Today technology has been integrated into almost every aspect of business and continues to grow in importance with every new innovation. It is impacting organizational structures, business processes, how and what products and services we offer to our customers.  This tidal wave of change is increasing in complexity and velocity.  These dynamics are shaping the strategies we must employ to manage our IT environments.

Given the changes that are happening in the digital world today, support organizations have had to look at how to enhance and speed up the traditional waterfall approach to management of our IT infrastructures.  ITIL and Agile are not contradictory of each other. Agile development provides opportunities to assess the direction of a project throughout its development lifecycle.  It is a methodology on how to deliver projects, that is iterative, adaptive and an incremental approach to project management which can be used for almost any type of project.

ITIL is about best practice in IT Service Management.
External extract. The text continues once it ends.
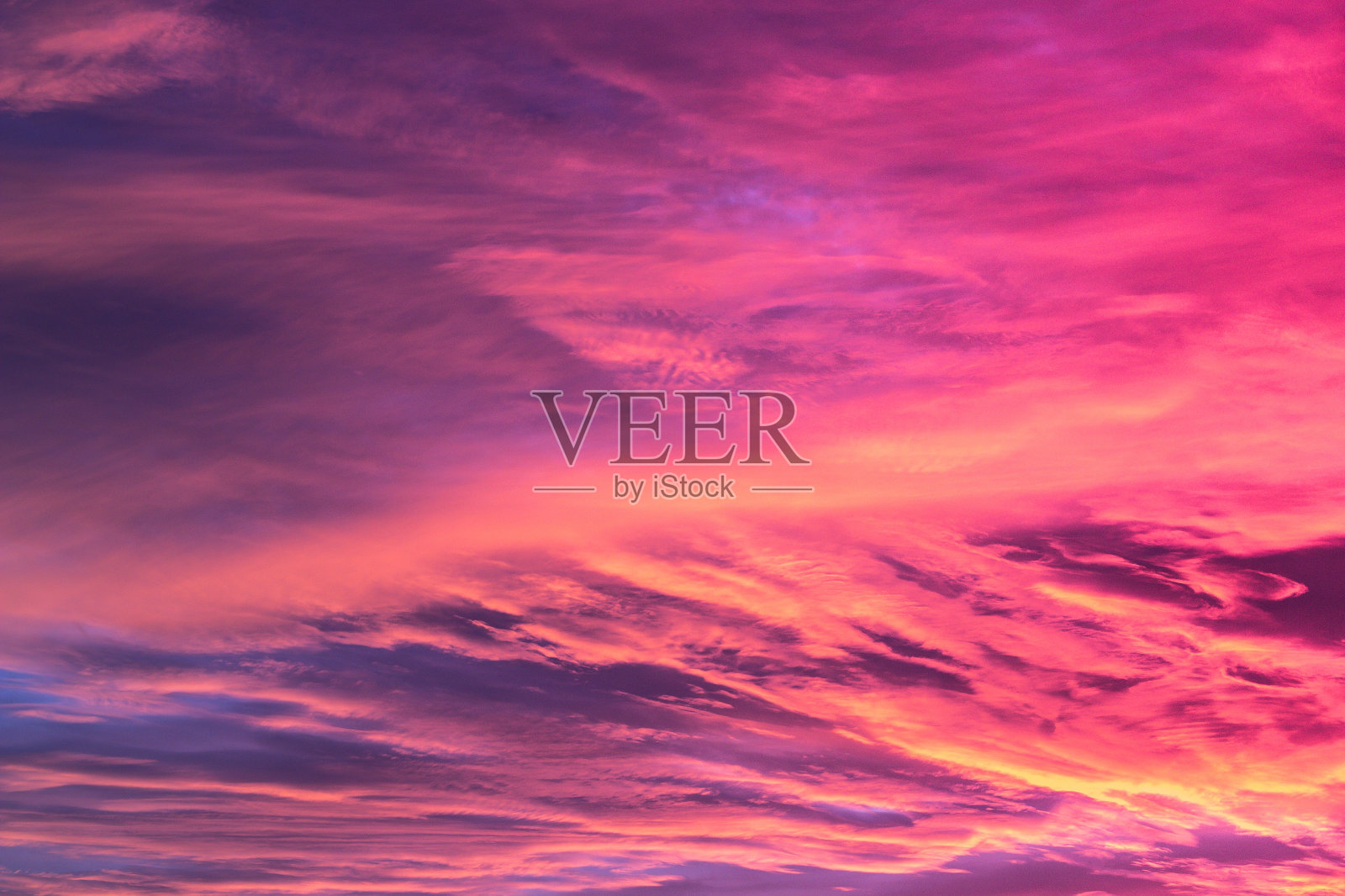 惊人的天空背景与云彩在日出。照片摄影图片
It’s a holistic collection of processes and functions on how to define, design, transition, run and continuously improve services and the processes that support their delivery.  ITIL’s perspective is from the operational point of view, recognizing that value to the customer is delivered during service operation and therefore operational requirements must be engaged as early as Service Strategy. ITIL is neutral about what types of tools or management methodologies are used, which means that ITIL and Agile are complementary and not competitive.
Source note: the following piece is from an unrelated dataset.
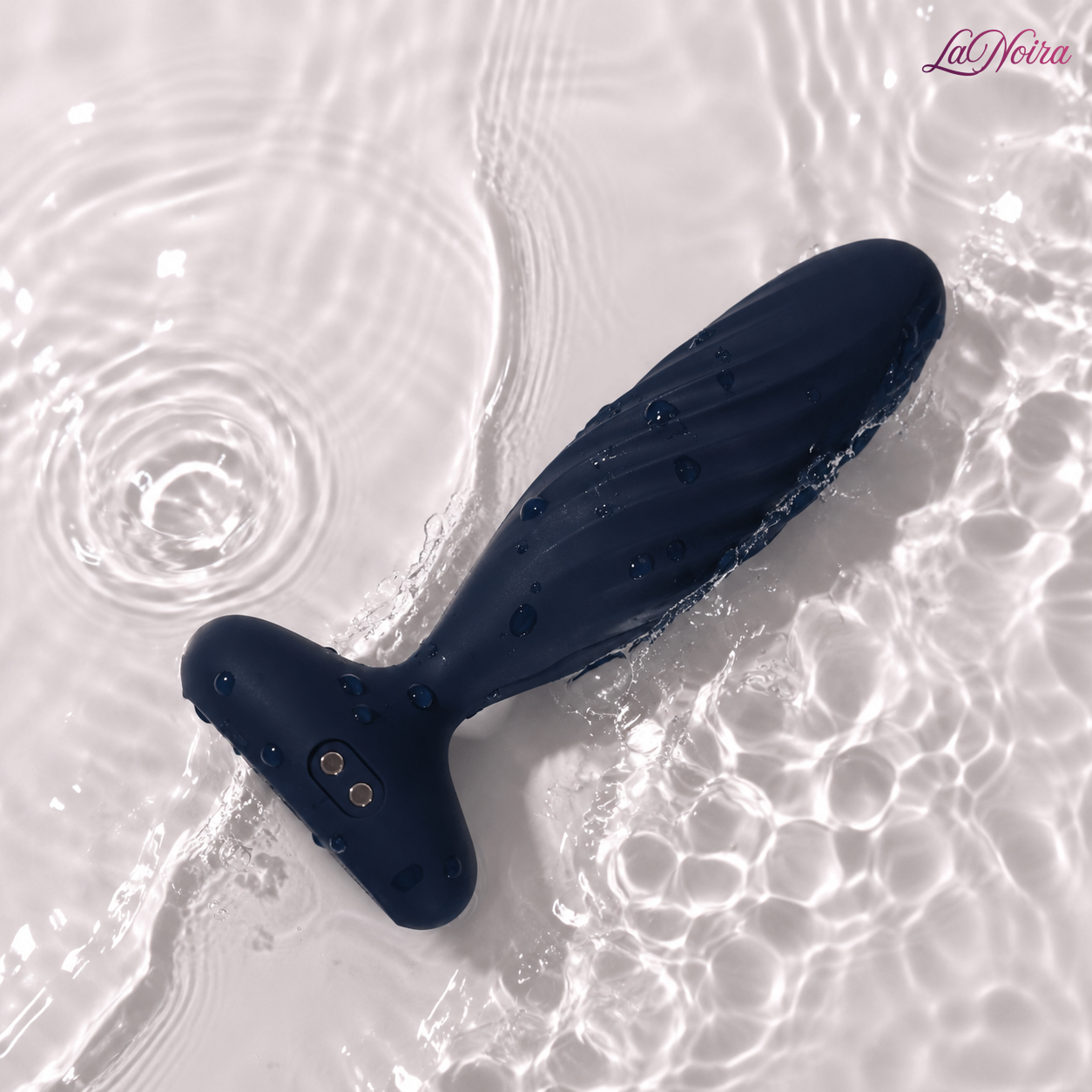 SVAKOM Jordan waterproof thrusting anal vibrator with water-resistant design shown with water droplets - LaNoira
From a design perspective, both usually have a starting point of an approved business case and gather business requirements.  One in the form of a Service Level Requirements document, the other in user stories.  Both then prioritize these requirements or improvement opportunities ensuring they align to customer needs and the overall business strategy.
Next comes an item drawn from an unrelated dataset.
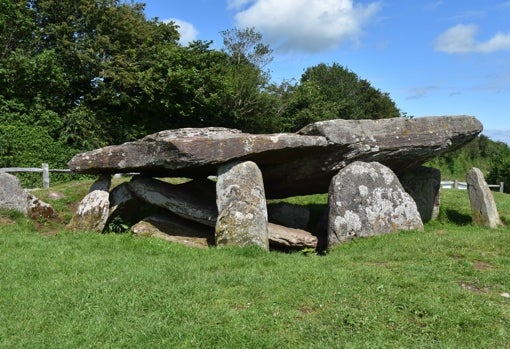 El momumento megalítico conocido como Piedra de Arturo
During the transition phase time boxed sprints are employed.  Normally the sprint will start with a sprint planning meeting and daily standup meetings, which help to track progress and to eliminate impediments. The sprint ends with the sprint review meeting, where the new or changed service is formally accepted. There can also be a Sprint Retrospect Meeting, which results in lessons learned for the next sprint.

In ITIL the change transition planning and support process gets employed to oversee coordination and prioritization of resources.  Moving into change, SACM and release and deployment controls are utilized to insure that intended outcomes are being realized and risk assessment are being properly review, along with accurate recording of data, information and knowledge. This will normally finish with a post implementation review where the change is accepted into operations and lessons learned can be recorded for future changes.  In speaking with a number of my students, it’s in the actual deployment and the operational phases where they are still working on the integration of methodologies. They incorporate Agile in the Strategy, Design and large parts of the Transitions stage, but in the Operation stage, the rigor of the ITIL concepts is still a requirement when integrating older applications and systems with new that are still prevalent in real world situations (off the island).  This helps to safeguard service availability, security and continuity while Agile ensures the quickened pace to deliver new capabilities to the business. This ties in with creating a culture of ITIL’s continuous improvement, while looking to move forward with greater speed, without compromising quality.